[Given data]
Start of Block
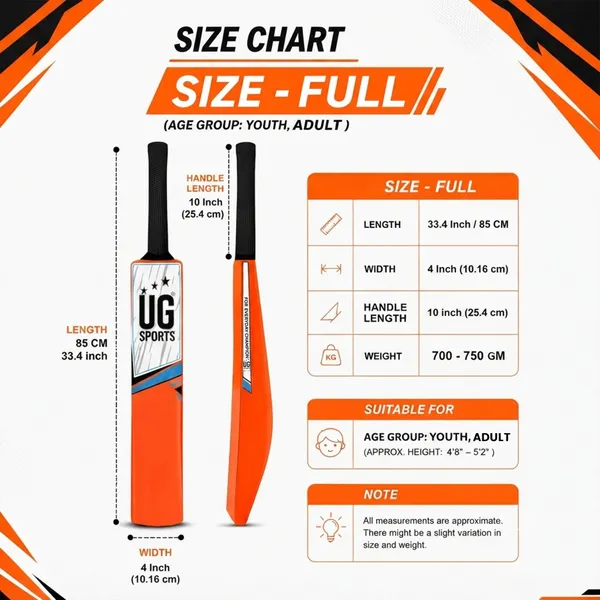 UG_Sports_Plastic_Cricket_Bat_For_Youth_-_Adult_(Orange_-_Sky_Blue_,_Size_Full)
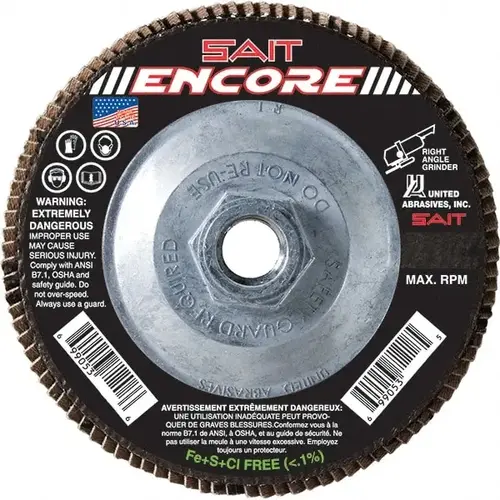 Flap Disc: 5/8-11 Hole, 36 Grit, Zirconia Alumina, Type 27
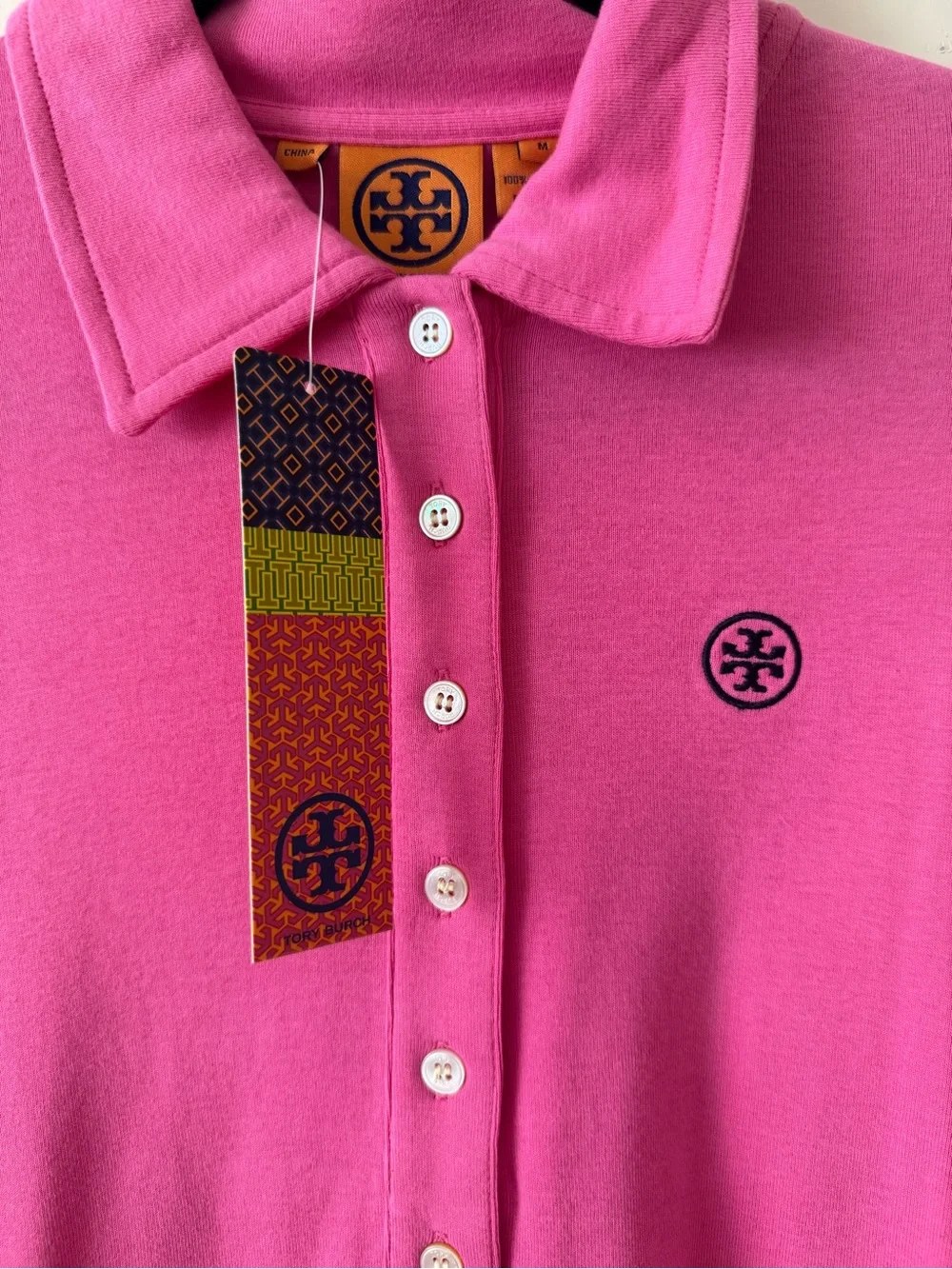 ⭐️NWT⭐️Tory Burch Pink Button-Up Polo with Tory Logo Patch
End of Block
[Your task]
All of the data above should be quoted exactly, except for the pictures.

[Answer space]
 UG_Sports_Plastic_Cricket_Bat_For_Youth_-_Adult_(Orange_-_Sky_Blue_,_Size_Full)
 Flap Disc: 5/8-11 Hole, 36 Grit, Zirconia Alumina, Type 27
 ⭐️NWT⭐️Tory Burch Pink Button-Up Polo with Tory Logo Patch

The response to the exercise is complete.